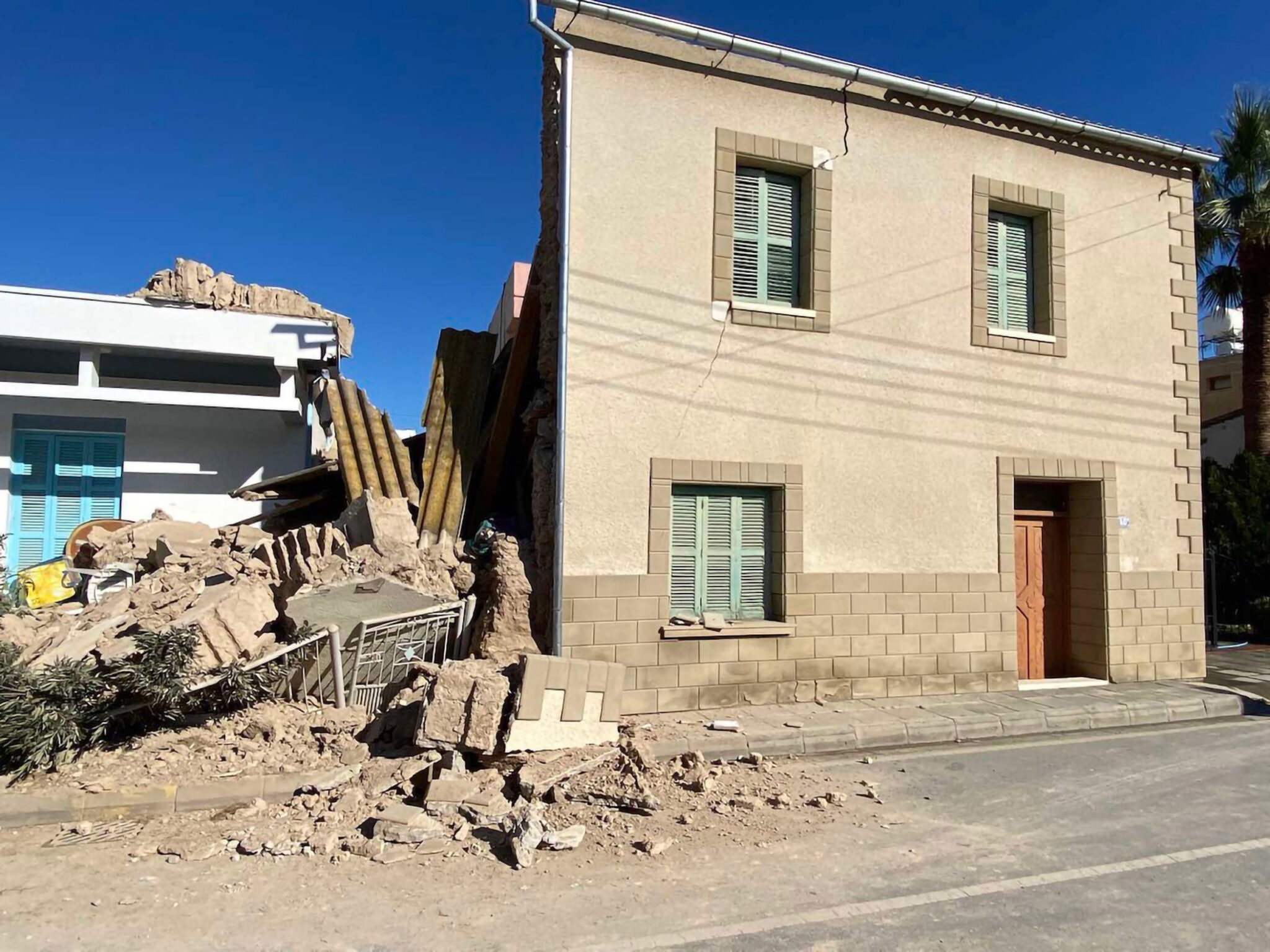 Γλίτωσαν από θαύμα: Έψαχναν στα συντρίμμια της οικίας για παγιδευμένα άτομα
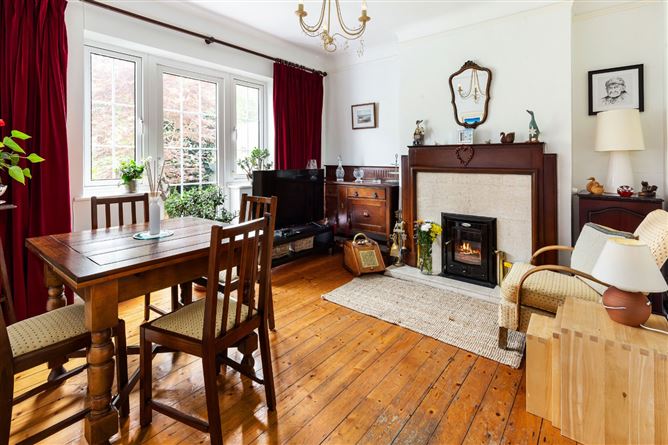 https://photos-a.propertyimages.ie/media/8/7/2/5001278/fb2c6b5b-1cf4-4169-b042-6a6fd927a2ba_l.jpg
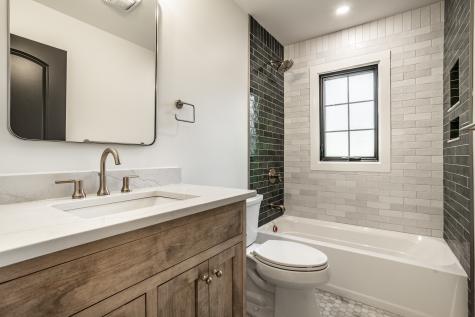 25 E 54th Street Indianapolis IN 46220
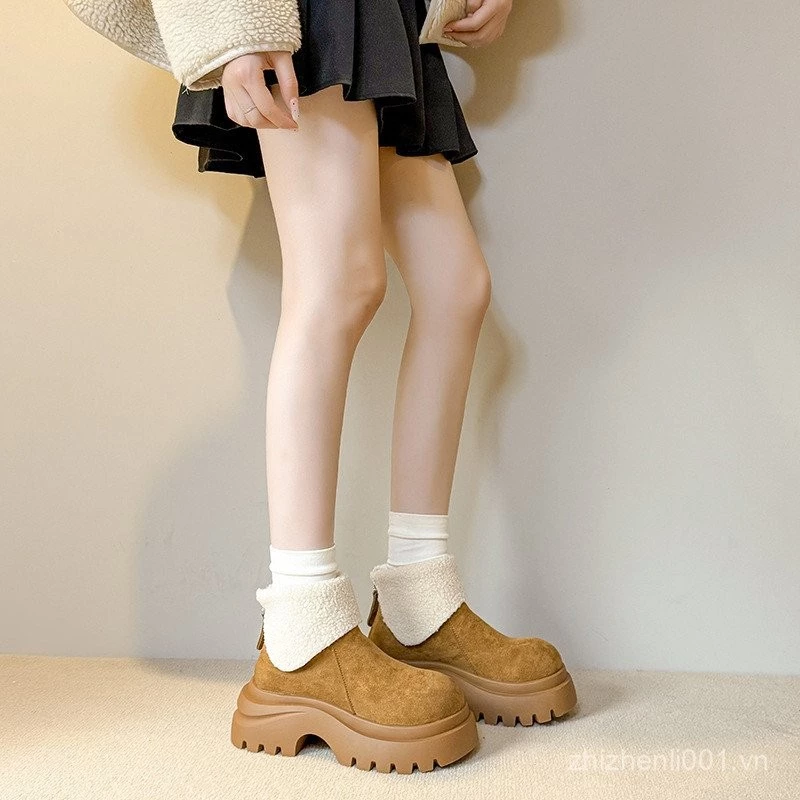 Liệu giày bốt lông cừu có thực sự giữ ấm trong mùa đông lạnh giá? Tôi đã học được gì sau khi mua đôi giày bốt tuyết này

-=-=-

» **WHAT NEEDS TO BE DONE**
Print out the material word for word, omitting the pictures.

» **SOLVED PROBLEM**
 Γλίτωσαν από θαύμα: Έψαχναν στα συντρίμμια της οικίας για παγιδευμένα άτομα
 https://photos-a.propertyimages.ie/media/8/7/2/5001278/fb2c6b5b-1cf4-4169-b042-6a6fd927a2ba_l.jpg
 25 E 54th Street Indianapolis IN 46220
 Liệu giày bốt lông cừu có thực sự giữ ấm trong mùa đông lạnh giá? Tôi đã học được gì sau khi mua đôi giày bốt tuyết này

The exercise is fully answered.